It should be noted that, in the foregoing, when calculating the field hit coverage parameter, the miss coverage parameter before the hit field, and the miss coverage parameter after the hit field, the importance weight is introduced, and according to the actual situation, the calculation process related to these coverage parameters may not introduce the importance weight, for example, if the index information is "gold dike", and the following result is obtained by using an elastic search tool: "beijing" jinke science and technology ltd ", it is obvious that the target data is" jinke ", the number of words in the first segmentation processing result is 4, the number of words before all words for composing the target data in the first segmentation processing result is 1, and the number of words after all words for composing the target data in the first segmentation processing result is 2, then the miss coverage parameter before the hit field may be 1/4, and the miss coverage parameter after the hit field may be 2/4.
In an optional example, the correlation characteristic parameter includes an information hit coverage parameter of the index information;
determining a correlation characteristic parameter according to the target data, comprising:
performing word segmentation processing on the index information to obtain a second word segmentation processing result;
calculating a fifth sum of importance weights of all words in the second word segmentation processing result;
calculating a sixth sum of importance weights of all words forming the target data in the second word segmentation processing result;
and calculating the information hit coverage rate parameter according to the sixth sum and the fifth sum.
In the embodiment of the present disclosure, a word segmentation tool may be utilized to perform word segmentation processing on the index information to obtain a second word segmentation processing result, and assuming that the index information is "beijing jinke", the second word segmentation processing result may be represented as: [ "Beijing", "gold dike" ]. In addition, the importance weight of each word may be determined in advance by analyzing a text set of a company field, for example, the importance weight of "beijing" may be 3.3322, the importance weight of "jinbang" may be 5.02418, and then the sum of 3.3322 and 5.02418 may be a fifth sum.
Assume that the domain data is "Beijing Jinbei technologies, Inc" and the following results were obtained using the elastic search tool: "beijing king dike science and technology ltd", it is obvious that the target data is "beijing king dike", each word for composing the target data in the second word segmentation processing result includes "beijing" and "king dike", and then the sum of 3.3322 and 5.02418 may be used as a sixth sum. Therefore, the fifth sum and the sixth sum are both successfully obtained, and then the ratio of the sixth sum to the fifth sum can be used as the information hit coverage rate parameter, so that the information hit coverage rate parameter can be calculated conveniently and reliably through simple division operation.
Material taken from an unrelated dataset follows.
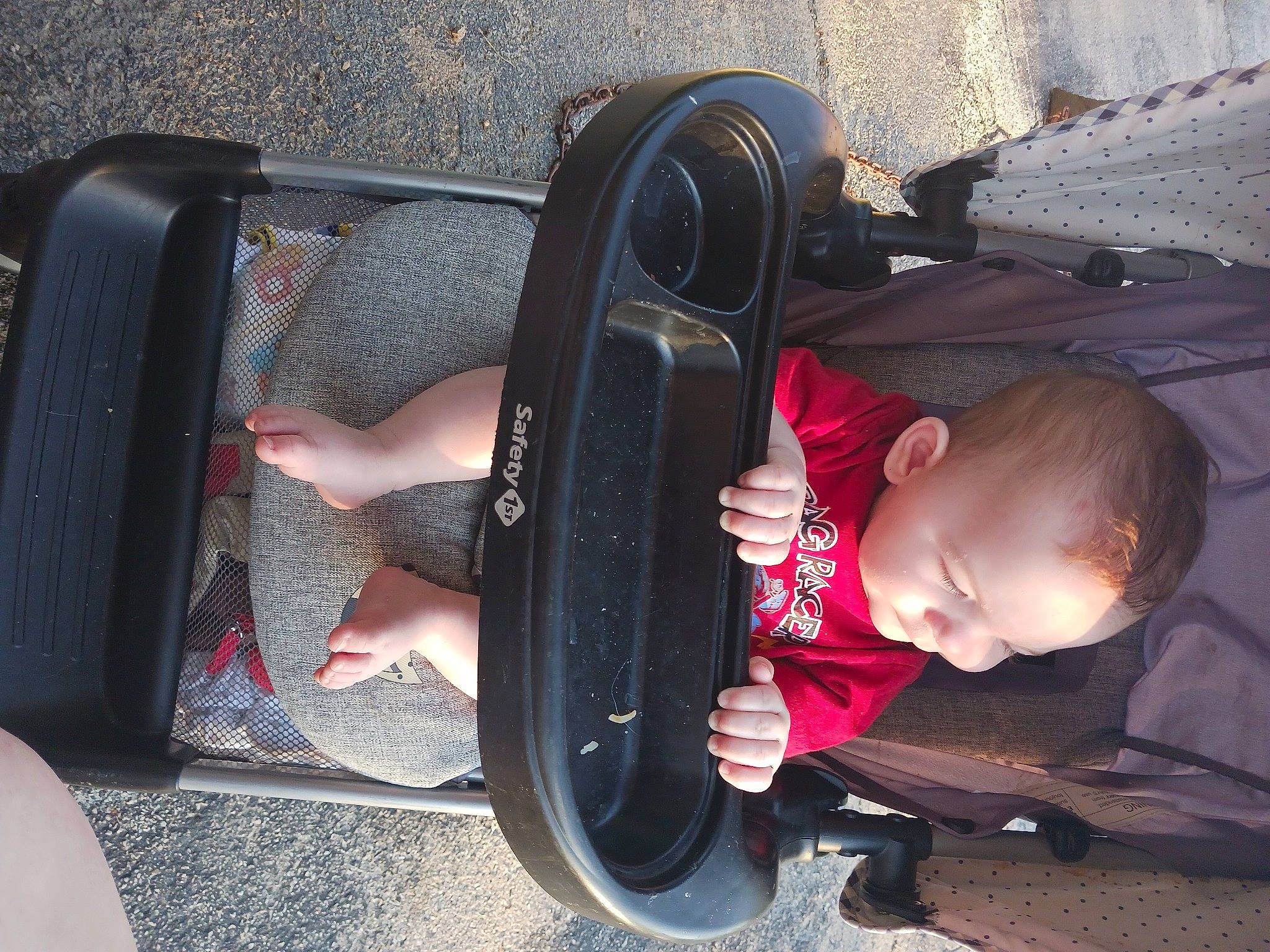 Kooper is registered to the contest to win money with this photo: auto_part, automotive_exterior, automotive_tire, automotive_wheel_system, baby, baby_carriage, baby_products, bumper, comfort, fender, human_leg, motor_vehicle, person, rim, sneakers, tints_and_shades, tire, toddler, vehicle_door, wheel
If the index information is represented as a query, since the information hit coverage parameter is the ratio of the sixth sum to the fifth sum, the information hit coverage parameter may also be referred to as a query coverage, which may represent the importance ratio of the query hit float field.
Therefore, in the embodiment of the disclosure, the information hit coverage rate parameter can be calculated conveniently and reliably by performing word segmentation processing on the index information and introducing the importance weight.
In an optional example, the correlation characteristic parameter includes a core word loss evaluation parameter;
determining a correlation characteristic parameter according to the target data, comprising:
determining core data in domain data in which the target data is located;
performing word segmentation processing on the core data to obtain a third word segmentation processing result;
calculating a seventh sum of importance weights of all words in the third word segmentation processing result;
performing word segmentation on the part hitting the core data in the target data to obtain a fourth word segmentation result;
calculating an eighth sum of importance weights of all words in the fourth word segmentation processing result;
and calculating the core word loss evaluation parameter according to the eighth sum and the seventh sum.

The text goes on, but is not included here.